The current milieu of optimism is realistic and India will do better in 2013, believes Deepak Parekh, chairman of HDFC. In an interview with Mihir Bhatt of Zee Business, he says the rupee remains the biggest worry, adding retail investors in equities should be incentivised. Edited excerpts:
Is the current optimism appropriate?
We’ll see the impact of reforms this year. And I am confident of higher growth prospects for the next few years. I expect GDP growth of 6.5% next fiscal. The Cabinet Committee on Investment is a good initiative by the government. It will take hard decisions quickly. Remember, over Rs 2 lakh crore of projects are stuck due for clearances. It is significant that the CCI can overrule the decision of ministries, which can get the economy moving.
Is it time to rectify all that went wrong economically?
The investment cycle should begin for growth to pick up. Industrialists and entrepreneurs need to be given the confidence to conduct business. Look at how the National Highways Authority and the environment ministry are going to court over projects. It’s ironical that two separate departments of the same government are fighting. I am hopeful the Prime Minister will take action in the CCI.
What’s your take on the fiscal deficit goal set?
5.3% is achievable. The roadmap set for next the 5 years is realistic. A large amount of unused funds will come back to the Centre and states in March. Direct tax recovery has been very buoyant. And the profitability of corporates will begin to show improvement from this (fourth) quarter.
What about interest rates?
See, there’s too much pressure on the Reserve Bank of India (RBI) governor Duvvuri Subbarao for cutting interest rates. I expect a modest rate cut of about 25-50 bps in the January policy review, though our inflation levels don’t justify a cut now.
What is your expectation from the RBI this year?
We are much behind the curve in cutting interest rates. Capital is available at much cheaper rates in the US and Europe (including hedging cost). I expect the RBI to cut rates by 150 bps in 2013
The general perception internationally is that India can't manage its resources well…
Corruption is a global phenomena. We need more transparency. Take the case of Coal India reneging on its agreement – that’s atrocious. Power plants are lying idle for want of coal. There are issues in gas pricing. The old gas pricing is not viable today. Companies can’t even achieve cost break-even at current prices. The price difference between imported gas and domestic is very high. But my sense is that both coal and gas issues are on the verge of settlement. The Prime Minister’s Office will ultimately intervene. The energy wheel in India will start moving if that happens.
What's your expectation from the equity markets this year?

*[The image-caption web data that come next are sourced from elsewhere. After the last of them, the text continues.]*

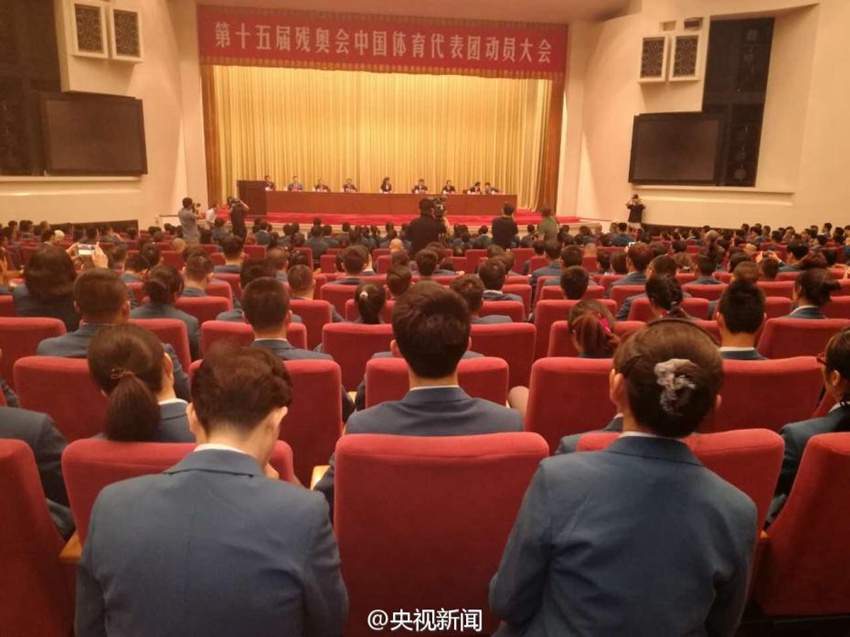 ??????, ?? 308? ?? 31? ??? ??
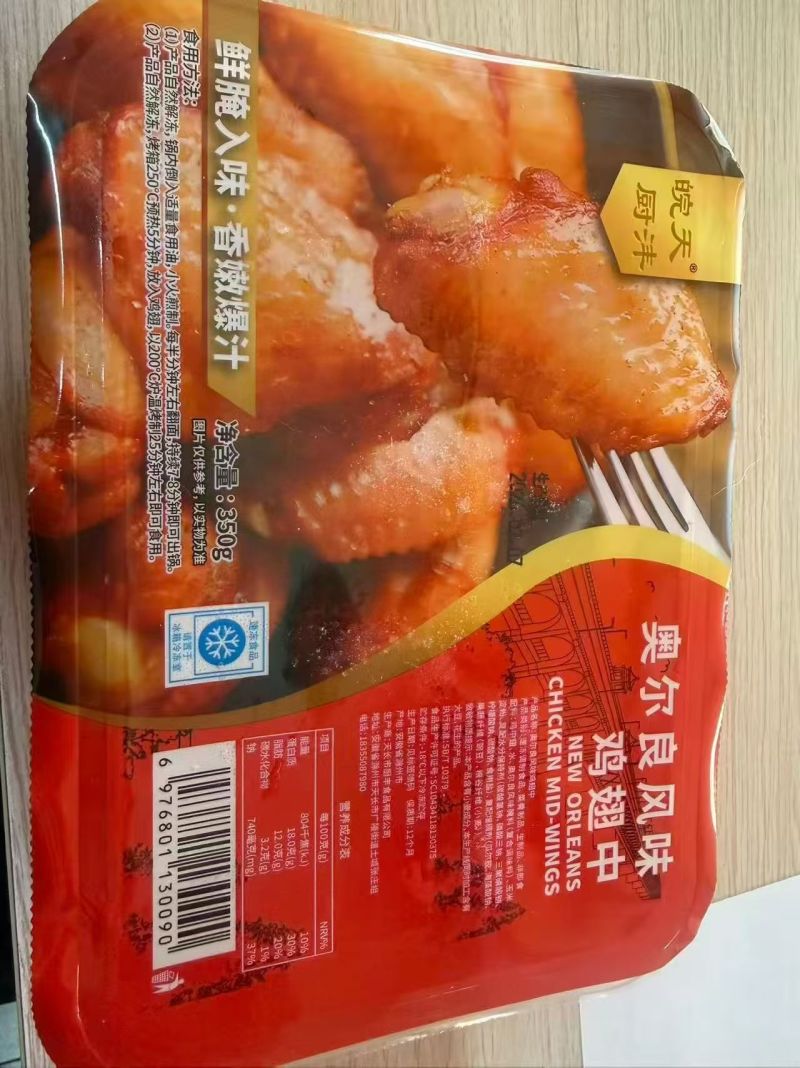 奥尔良鸡翅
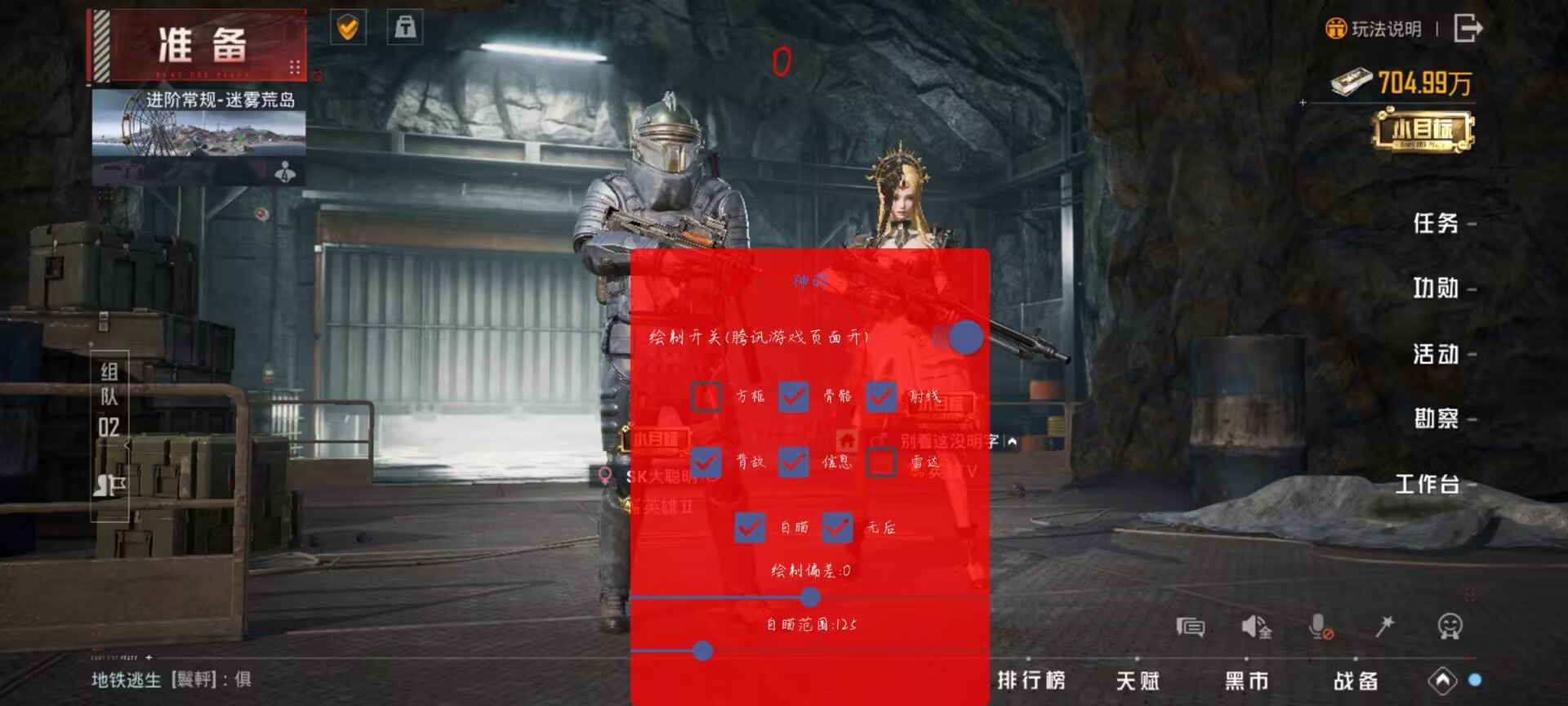 和平精英辅助【地狱犬直装V3.1修复版】原哮天犬直装改名 人物骨骼透视 全屏自瞄 物资显示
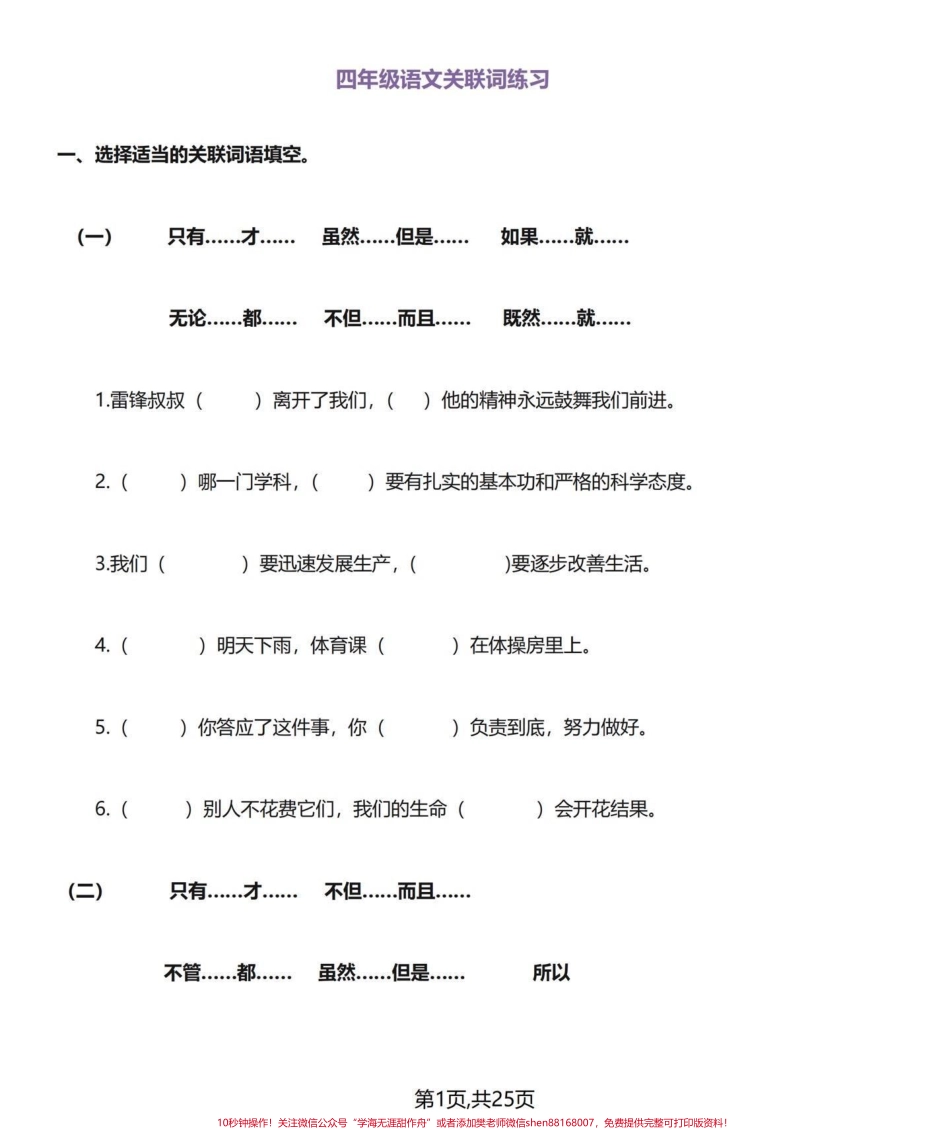 常用‼️小学四年级下册语文关联词专项练习♥️整理出四年级下册语文一些经典的关联词个人建议可以先把答案打印出来给小朋友多读并理解再打印练习复习一遍日积月累熟能生巧通过练习检验一下自己关联词是否过关♥️#四年级下册语文 #四年级语文下册 #四年级语文下册关联词汇总及句式 #四年级关联词 #关联词造句 - 副本.pdf_第2页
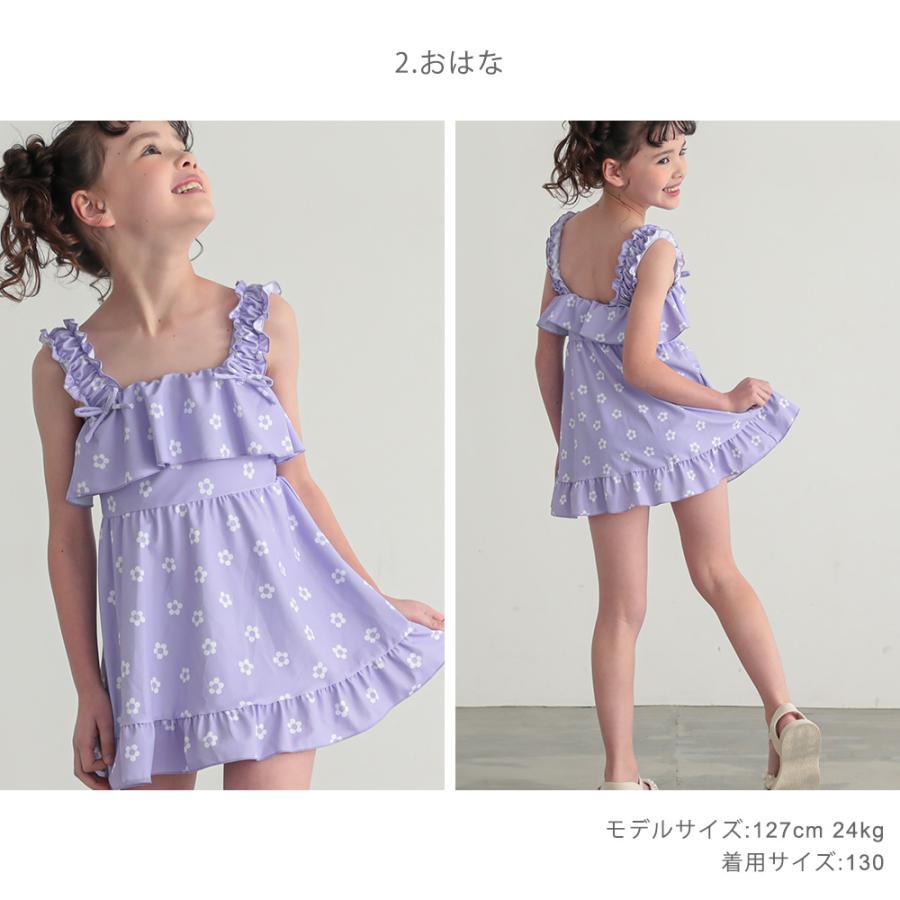 子供 水着 女の子 ワンピース水着 フリル 花柄 リボン ふりふり キッズ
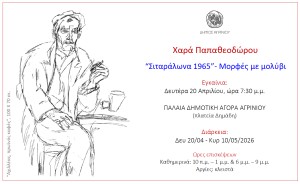 «Σιταράλωνα 1965 / Μορφές με μολύβι»: Εγκαινιάζεται στο Αγρίνιο η έκθεση της Χαράς Παπαθεοδώρου (εγκαίνια Δευ 20/4/2026 19:30 - διάρκεια εως Κυρ 10/5/2026)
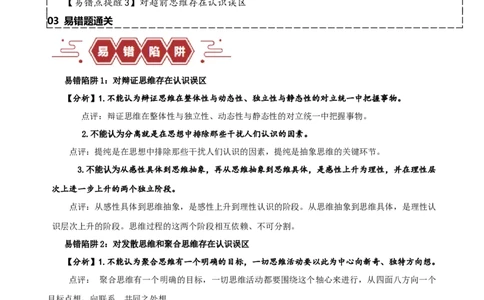 易错点16辩证思维与创新思维（解析版）-备战2024年高考政治易错题（新教材新高考）_高中三年全科资料_高中_15高中全科《高考易错题》2025版_第一部分易错知识梳理
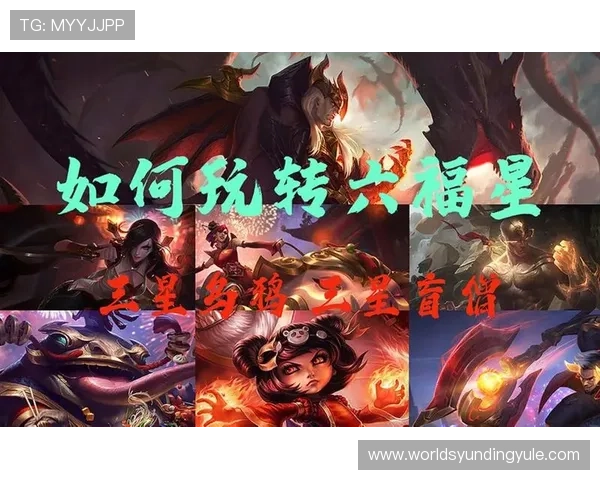 云顶国际官方网站入口：如何通过云顶国际官方网站入口快速注册账号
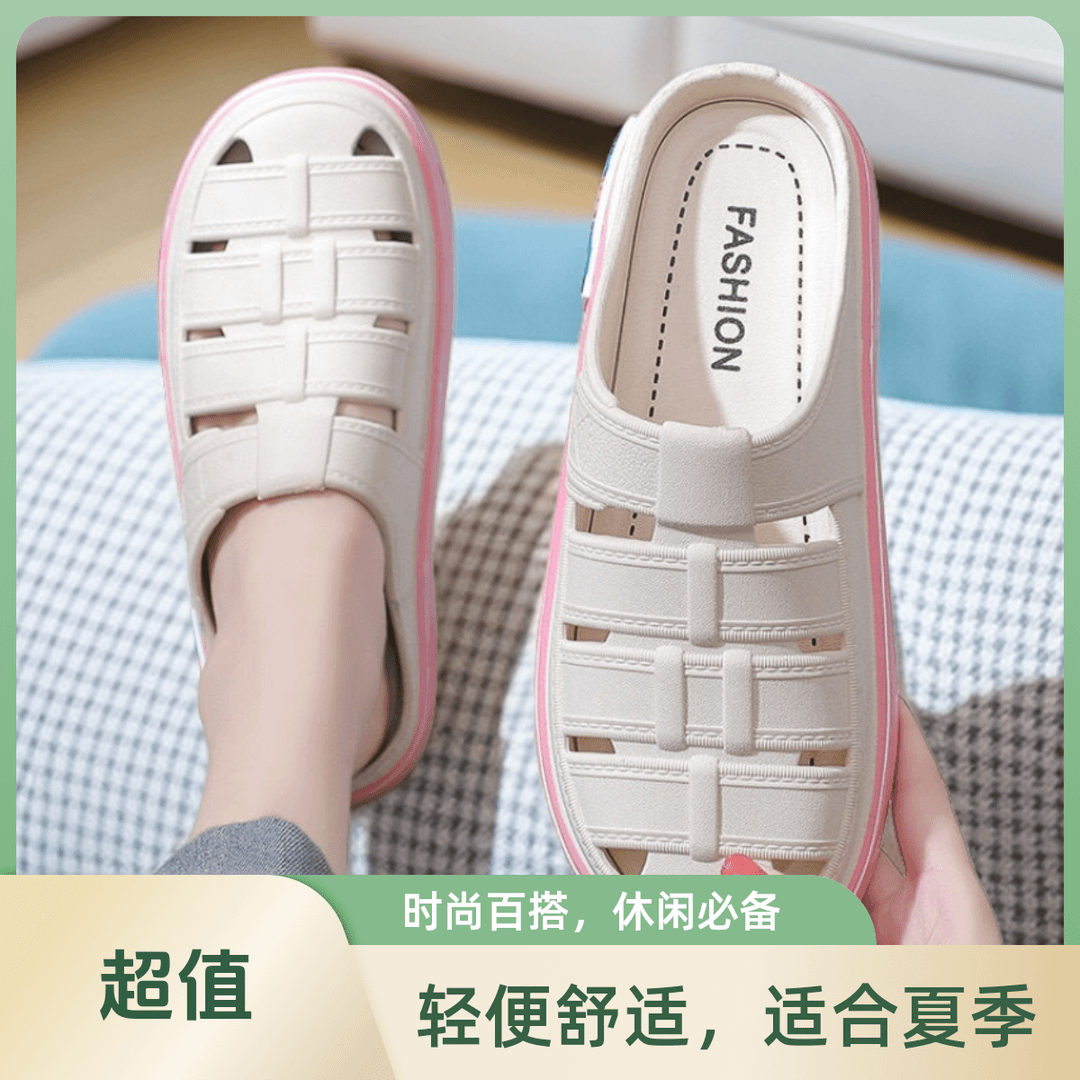 时尚休闲百搭夏季2024新款软底外穿透气防滑洞洞鞋多色选择包头鞋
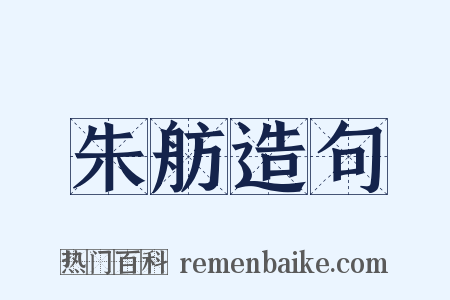 朱舫造句是什么意思的图片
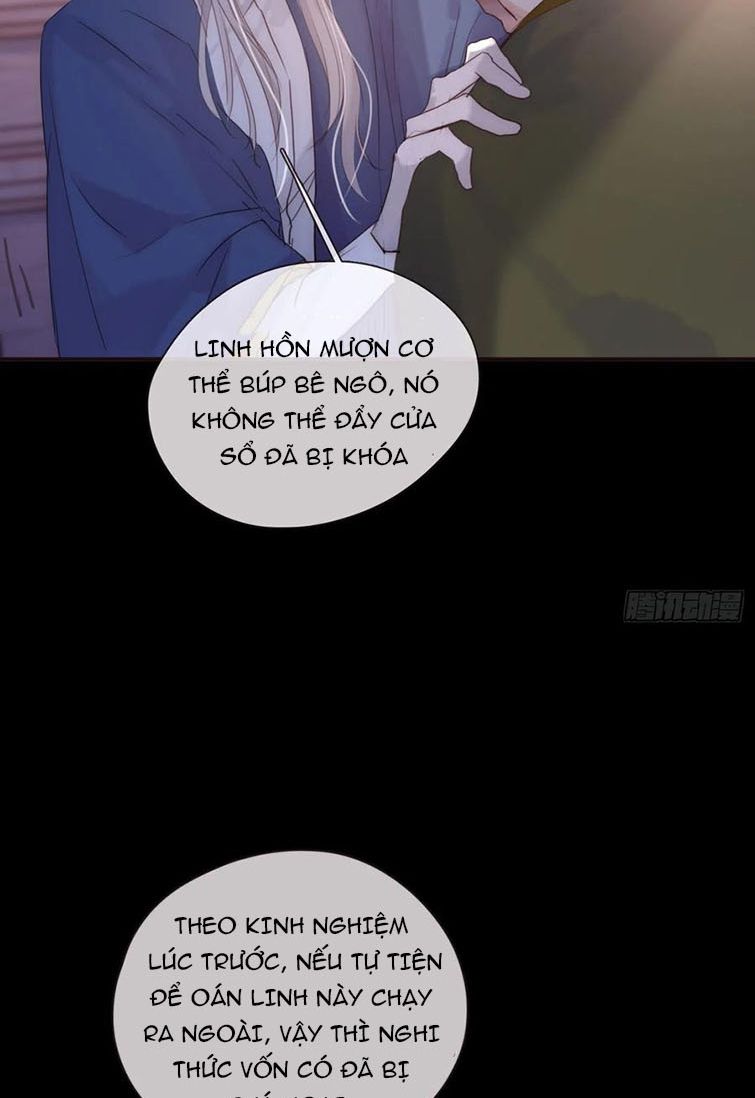 Thỉnh Cùng Ta Đồng Miên Chap 73 - Trang 3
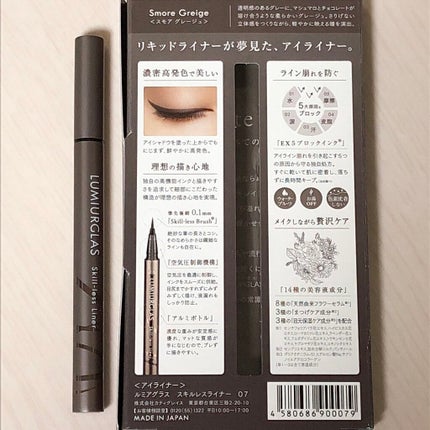 スキルレスライナー/LUMIURGLAS/リキッドアイライナーを使ったクチコミ(2枚目)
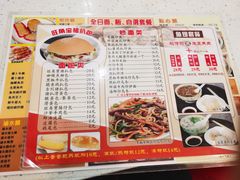 -旺角宝港式茶餐厅(寮步店)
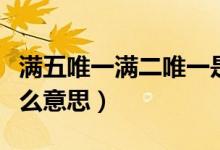 满五唯一满二唯一是什么意思（满二唯一是什么意思）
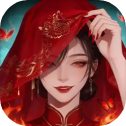 妖鬼自走棋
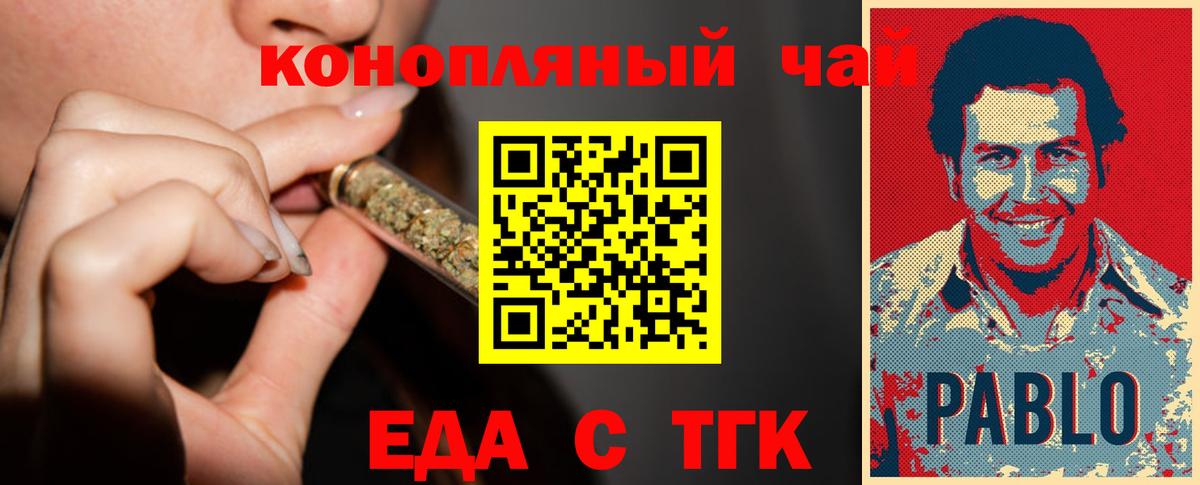 Чапаевск  Печенье с ТГК конопля  Вход с VPN 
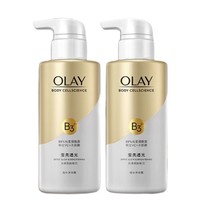 OLAY 玉兰油 烟酰胺莹亮沐浴露套装女男保湿滋润持久留香沐浴乳液300g*2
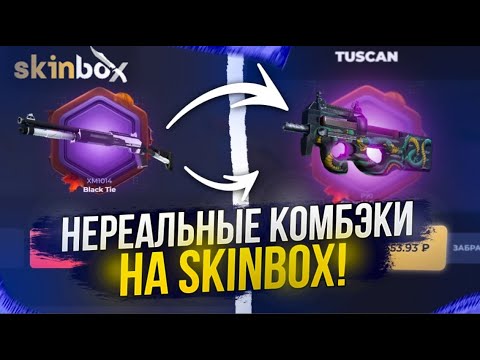Видео: С 2000 ДО КЕЙСА ЗА 25 000 SKINBOX! НЕУЖЕЛИ СКИНБОКС НА ВЫДАЧЕ!? +promo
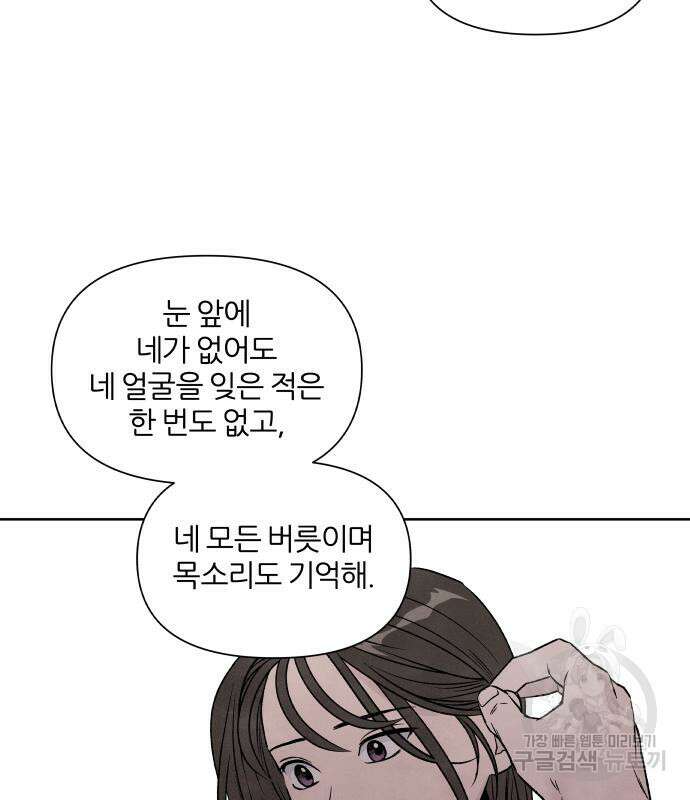내가 죽기로 결심한 것은 85화 86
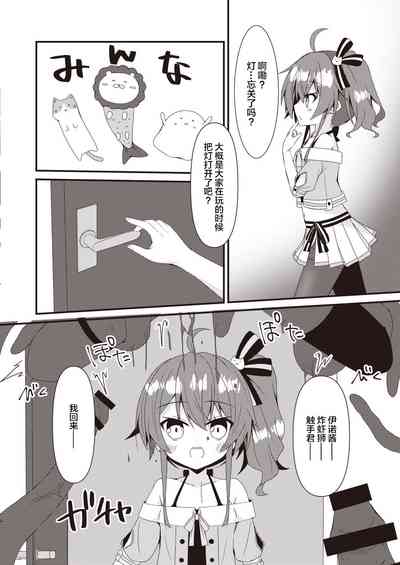第3页图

We got about $23 billion of net foreign inflows last year. I don’t think we will get as much this year, yet equities should do better. But I am surprised that even after so much foreign flows, the rupee has slid. Clearly, weak exports and high gold consumption are the reasons for our current account deficit woes. I expect crude prices to moderate by 10-15% this year. This, and lesser gold imports, will help us reduce the current account deficit.
And the biggest worry in India right now?
It’s the rupee. A weak currency is not good for the reputation of any country. The over-dependence on oil in the import bill is a big challenge. We also need to increase taxes on gold and curb its consumption. Also, trading and speculation in gold has to be brought down.
So is it time to start taxing commodity trading with CTT?
CTT is a fait accompli. It will happen next month, and will help bring down speculation and trades. Trades are happening in such large volumes in commodities, CTT will certainly help.
What about real estate demand? We have seen dip in markets like Mumbai…
The demand in the housing sector is still very high. Demand in Mumbai exists, but affordability is an issue. Here, 60-70% of house cost is due to land cost. If land prices come down then only residential prices will become affordable. There are lots of empty spaces in residential buildings. There is a massive surplus in commercial real estate, due to which their prices have dropped. The same should happen in the residential market.
How will your home loan business be this year?
Expect sanction and disbursement to grow by about 20% this fiscal. Our credit growth base is becoming very large
Sebi has expressed concerns about IPO pricing. Your take on that?
We need to excite retail investors. We can’t let our market run by remote control. FIIs follow a herd mentality. When they exit , they exit in herd which is risky. The retail investor need to be incentivised for revival of the equity markets. The dominance of foreign inflows is too high in India.